Today, forward-looking organisations count data as a strategic asset, and every strategic asset needs a custodian. Just as the CFO manages financial assets and the CHRO or COO manages ‘human’ assets, organisations need a custodian to manage their data assets.
However, with an asset as enormous and unwieldy as hundreds or even thousands of datasets, this isn’t as simple as it might sound. In a world where most important decisions are based upon data, and where data protection and privacy issues abound, data custodians have one of the most important jobs in any organisation.
Across the globe, digital transformation is taking place in every vertical and industry. So why are many data strategies still siloed and, quite frankly, archaic? Data management needs to move with the times and support digitally transformed businesses by providing digitally transformed data architecture. Legacy architecture simply won’t work for modern data anymore – we need to rethink data strategy, and the custodians to back it up.
Here are some points for those reviewing their current data management:
- A data custodian needs to know what the data assets are and where they are. What sort of data does the company collect? Why is each data point significant? How can collecting and applying it better serve the company’s customers?
- They need to know how to protect this data. Which measures are in place to keep it safe and preserve its value to the company? What security plan does the company have to keep customers and their data safe? Is this plan compliant with local and international regulations? For example, the General Data Protection Regulation?
- Data custodians need to ensure that the company can use their data to create value for the company. How is the company leveraging data to make more informed decisions? How are these findings affecting the way the company advertises to and serves its customers?
All three facets are equally important to any company, and they may seem pretty straightforward at first glance. But there’s a major roadblock preventing some data custodians from even getting started.
Breaking down the data silo
The hurdle that keeps data custodians from fully understanding their company’s data assets is how and where companies keep their data in the first place. Data tends to be both siloed and stored in multiple locations, and this is a huge problem for custodians who need to index and protect data smoothly and easily.

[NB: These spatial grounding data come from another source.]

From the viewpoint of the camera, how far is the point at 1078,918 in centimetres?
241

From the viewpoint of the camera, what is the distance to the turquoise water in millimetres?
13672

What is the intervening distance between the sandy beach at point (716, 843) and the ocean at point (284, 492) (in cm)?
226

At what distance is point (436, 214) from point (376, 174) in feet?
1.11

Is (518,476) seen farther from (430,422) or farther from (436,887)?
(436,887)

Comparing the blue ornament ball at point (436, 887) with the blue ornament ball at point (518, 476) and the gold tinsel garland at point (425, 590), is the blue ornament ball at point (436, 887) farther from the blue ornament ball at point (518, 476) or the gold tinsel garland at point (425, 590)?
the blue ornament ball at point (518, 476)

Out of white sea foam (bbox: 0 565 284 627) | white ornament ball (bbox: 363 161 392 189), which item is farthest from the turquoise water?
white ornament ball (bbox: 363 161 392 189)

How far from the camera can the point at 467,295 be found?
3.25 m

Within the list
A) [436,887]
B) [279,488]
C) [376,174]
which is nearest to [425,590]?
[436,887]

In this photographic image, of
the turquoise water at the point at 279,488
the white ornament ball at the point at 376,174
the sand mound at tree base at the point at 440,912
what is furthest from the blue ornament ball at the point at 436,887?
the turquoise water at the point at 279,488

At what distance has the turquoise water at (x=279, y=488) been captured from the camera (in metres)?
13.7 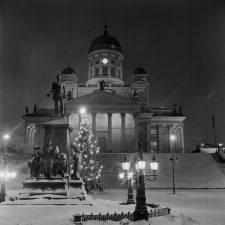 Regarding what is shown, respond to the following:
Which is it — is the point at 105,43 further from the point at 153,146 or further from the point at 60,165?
the point at 60,165

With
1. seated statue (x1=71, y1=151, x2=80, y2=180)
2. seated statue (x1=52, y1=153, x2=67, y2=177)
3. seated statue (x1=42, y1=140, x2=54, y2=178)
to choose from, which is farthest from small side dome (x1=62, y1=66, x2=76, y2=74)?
seated statue (x1=52, y1=153, x2=67, y2=177)

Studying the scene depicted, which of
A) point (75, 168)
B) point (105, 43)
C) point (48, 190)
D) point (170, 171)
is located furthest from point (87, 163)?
point (105, 43)

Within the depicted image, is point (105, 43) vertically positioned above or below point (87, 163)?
above

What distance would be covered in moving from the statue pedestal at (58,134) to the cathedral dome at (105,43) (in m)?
75.3

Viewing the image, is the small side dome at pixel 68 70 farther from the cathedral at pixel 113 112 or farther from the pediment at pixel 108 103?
the pediment at pixel 108 103

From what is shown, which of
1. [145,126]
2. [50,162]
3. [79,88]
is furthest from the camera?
[79,88]

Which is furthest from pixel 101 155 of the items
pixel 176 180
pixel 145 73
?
pixel 145 73

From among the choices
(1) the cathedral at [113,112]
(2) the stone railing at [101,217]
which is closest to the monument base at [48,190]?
(2) the stone railing at [101,217]

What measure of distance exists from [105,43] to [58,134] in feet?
250

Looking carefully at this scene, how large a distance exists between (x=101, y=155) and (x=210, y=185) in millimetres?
18968

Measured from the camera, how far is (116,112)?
71438mm

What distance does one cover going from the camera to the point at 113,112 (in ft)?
235

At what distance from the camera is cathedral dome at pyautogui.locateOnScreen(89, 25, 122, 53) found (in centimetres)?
9275

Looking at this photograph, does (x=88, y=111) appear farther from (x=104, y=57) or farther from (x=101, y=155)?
(x=104, y=57) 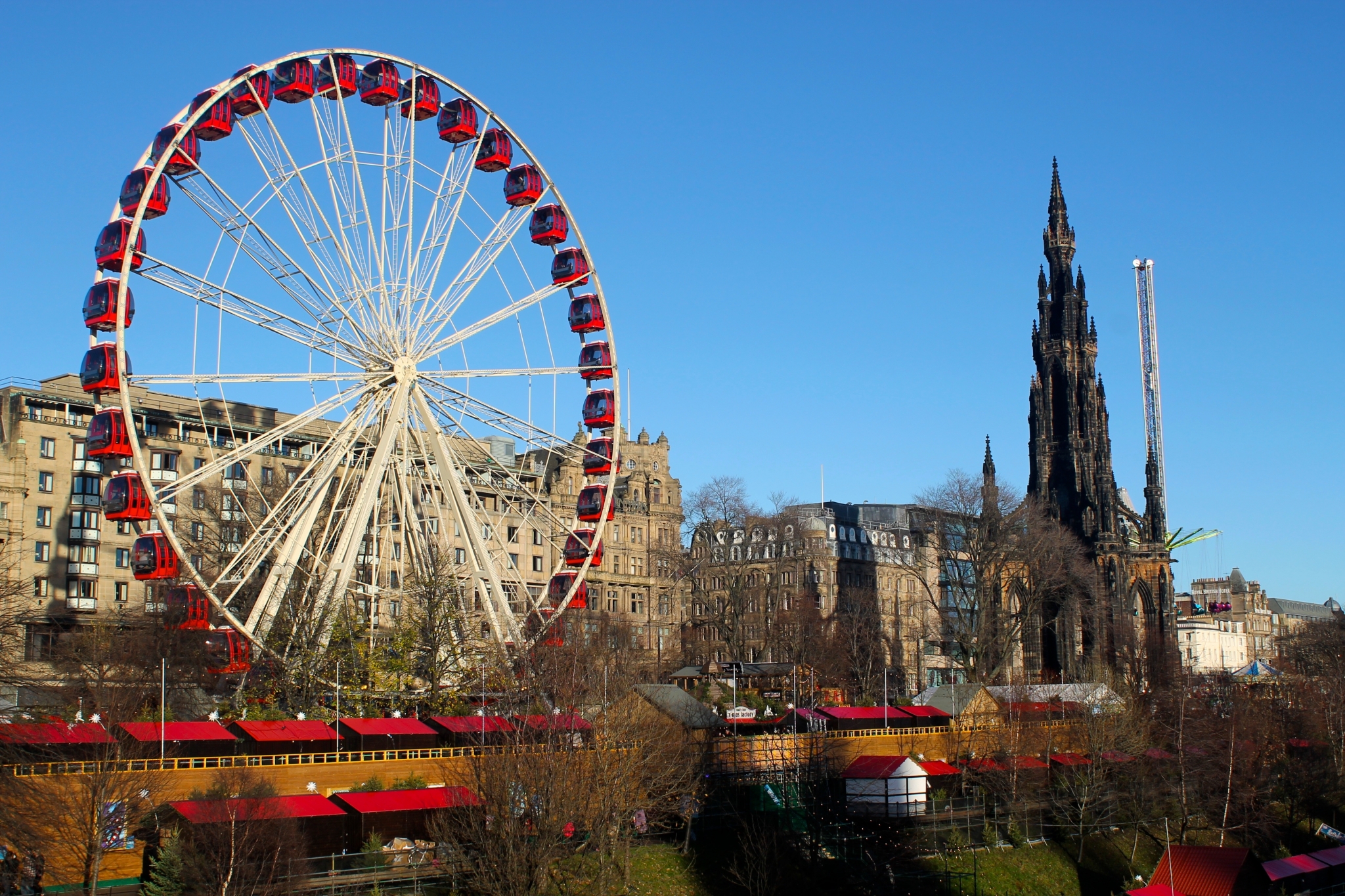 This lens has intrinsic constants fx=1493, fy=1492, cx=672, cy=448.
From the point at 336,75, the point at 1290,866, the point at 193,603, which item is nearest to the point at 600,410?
the point at 336,75

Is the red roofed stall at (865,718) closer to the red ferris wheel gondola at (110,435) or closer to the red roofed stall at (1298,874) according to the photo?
the red roofed stall at (1298,874)

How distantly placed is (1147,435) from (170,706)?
158 meters

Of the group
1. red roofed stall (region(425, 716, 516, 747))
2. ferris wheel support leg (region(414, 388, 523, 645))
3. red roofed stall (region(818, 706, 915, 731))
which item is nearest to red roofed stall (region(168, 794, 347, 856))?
red roofed stall (region(425, 716, 516, 747))

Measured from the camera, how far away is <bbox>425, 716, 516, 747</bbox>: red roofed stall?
5645cm

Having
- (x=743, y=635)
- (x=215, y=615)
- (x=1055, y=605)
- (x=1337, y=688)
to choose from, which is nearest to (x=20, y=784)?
(x=215, y=615)

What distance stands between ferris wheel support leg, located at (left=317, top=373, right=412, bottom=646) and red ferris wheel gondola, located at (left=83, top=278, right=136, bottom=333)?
10.9 m

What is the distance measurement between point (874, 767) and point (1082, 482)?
3213 inches

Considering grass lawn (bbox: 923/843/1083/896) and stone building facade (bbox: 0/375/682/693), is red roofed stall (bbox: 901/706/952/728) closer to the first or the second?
grass lawn (bbox: 923/843/1083/896)

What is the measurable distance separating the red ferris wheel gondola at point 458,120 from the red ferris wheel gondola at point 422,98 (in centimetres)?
53

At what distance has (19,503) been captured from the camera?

Business units often purchase applications independently (especially web-based/Software as a Service applications) with their departmental budgets, without seeking approval from the CIO. Additionally, different units will purchase different applications that apply exclusively to their work.

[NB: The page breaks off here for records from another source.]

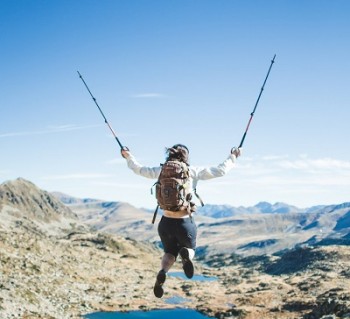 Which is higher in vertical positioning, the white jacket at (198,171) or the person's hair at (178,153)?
the person's hair at (178,153)

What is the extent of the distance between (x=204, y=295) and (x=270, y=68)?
290ft

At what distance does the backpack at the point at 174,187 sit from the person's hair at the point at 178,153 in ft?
0.72

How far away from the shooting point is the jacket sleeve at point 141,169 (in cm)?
1056

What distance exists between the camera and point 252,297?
287ft

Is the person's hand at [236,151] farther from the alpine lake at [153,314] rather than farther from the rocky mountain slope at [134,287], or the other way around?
the alpine lake at [153,314]

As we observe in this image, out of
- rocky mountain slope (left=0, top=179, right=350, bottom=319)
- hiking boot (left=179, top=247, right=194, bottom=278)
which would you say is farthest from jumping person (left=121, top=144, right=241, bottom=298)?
rocky mountain slope (left=0, top=179, right=350, bottom=319)

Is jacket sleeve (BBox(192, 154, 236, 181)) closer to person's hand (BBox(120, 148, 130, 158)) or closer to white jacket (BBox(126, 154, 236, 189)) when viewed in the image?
white jacket (BBox(126, 154, 236, 189))

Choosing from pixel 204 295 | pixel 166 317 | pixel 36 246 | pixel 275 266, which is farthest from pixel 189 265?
pixel 275 266

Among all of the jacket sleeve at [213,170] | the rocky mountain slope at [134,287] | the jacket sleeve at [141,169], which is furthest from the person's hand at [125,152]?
the rocky mountain slope at [134,287]

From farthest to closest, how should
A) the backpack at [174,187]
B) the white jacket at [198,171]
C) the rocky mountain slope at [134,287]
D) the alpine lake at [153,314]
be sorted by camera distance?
the alpine lake at [153,314] < the rocky mountain slope at [134,287] < the white jacket at [198,171] < the backpack at [174,187]

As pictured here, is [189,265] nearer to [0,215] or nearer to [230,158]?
[230,158]

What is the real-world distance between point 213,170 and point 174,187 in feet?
3.83

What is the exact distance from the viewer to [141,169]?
10.7m

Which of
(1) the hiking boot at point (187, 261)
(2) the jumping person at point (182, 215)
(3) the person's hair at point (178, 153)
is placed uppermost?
(3) the person's hair at point (178, 153) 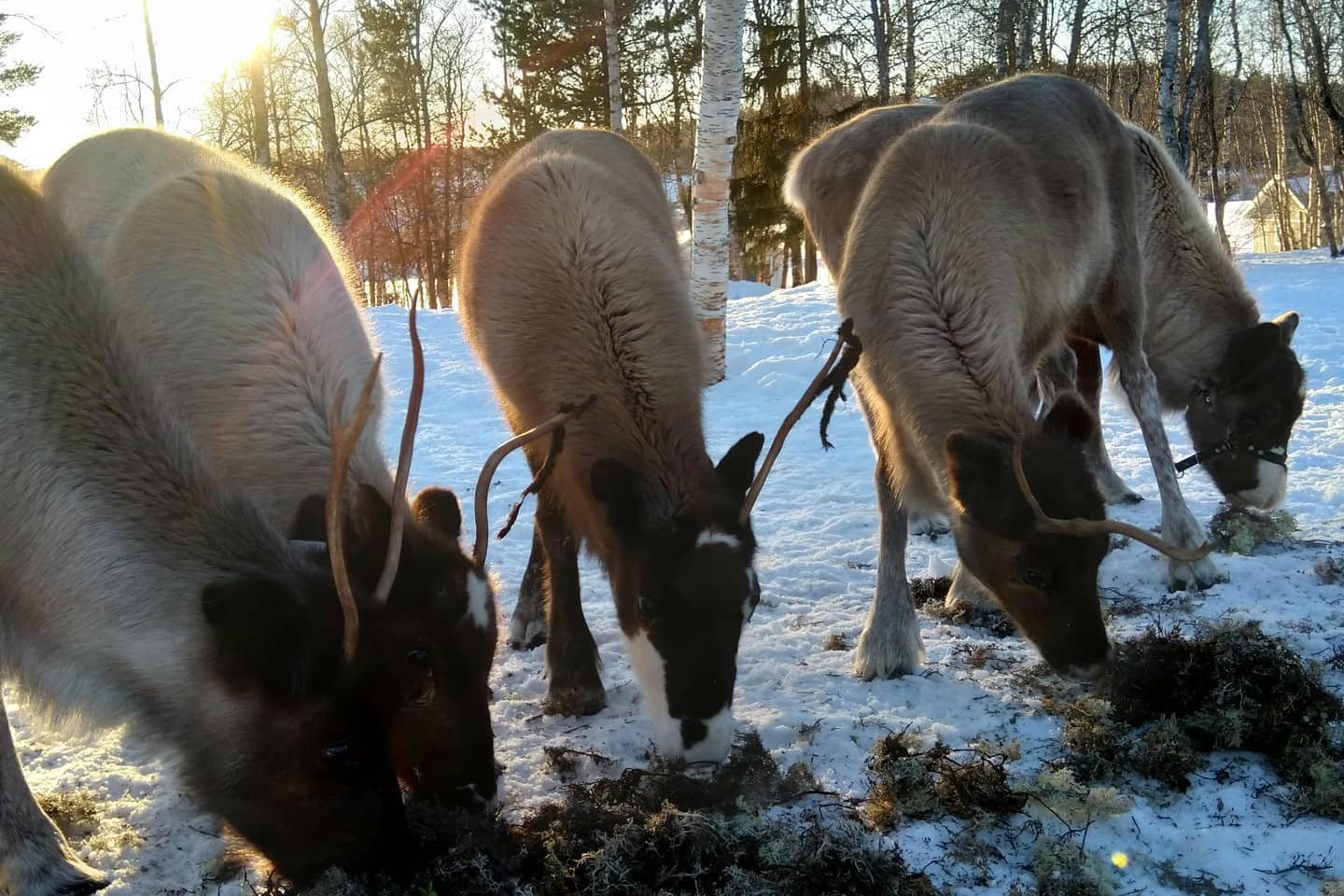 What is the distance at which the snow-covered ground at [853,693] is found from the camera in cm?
267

For example, the marketing department might purchase a marketing automation application like Marketo, collecting marketing-specific data, while the sales department might purchase an online sales management application like Salesforce, creating a separate data silo. Additionally, the CIO might not even be aware of all the software applications that the different business units have purchased. They likely don’t know where or how the data for each application is stored, either.
This creates several issues because this data exists in separate silos, data repositories that aren’t integrated with the organisation’s enterprise-wide data administration system. That means only the marketing department can use marketing data, only the sales department can use sales data, and so on. This is bad for business because the more relationships a company can create between its data points, the more holistic the view of its data, and therefore of its customers.
Aside from integration, data siloing also negatively affects security and strategy for the company. If the CIO isn’t notified about these online application purchases, they can’t include them in a company-wide data protection solution, nor can they develop big picture plans for the company’s digital future.
The solution: an independent platform
Data siloing hurts companies and their customers in the short and long term, but there is a solution: an independent data platform that sits in the middle of all these data sources and can access all of them.
To enable a successful digital transformation, a company needs an overarching platform that has the capability and privileges to protect and search its data wherever it may live – whether that’s on-premises, in the cloud, on laptops and thumb drives, or on connected Internet of Things devices.
The platform can protect that data by making regular backup copies, while streamlining compliance with data privacy regulations across the board. Most importantly, it must enable the CIO to use the data generated as part of the company’s digital transformation strategy – regardless of where it might be located – to drive value across the business.
A truly successful digital transformation project will break down silos and enable companies to know, protect, and use their data. Only when all three of these responsibilities are being addressed can a company truly say that is managing customer data in a way that’s responsible, accountable, and transformational.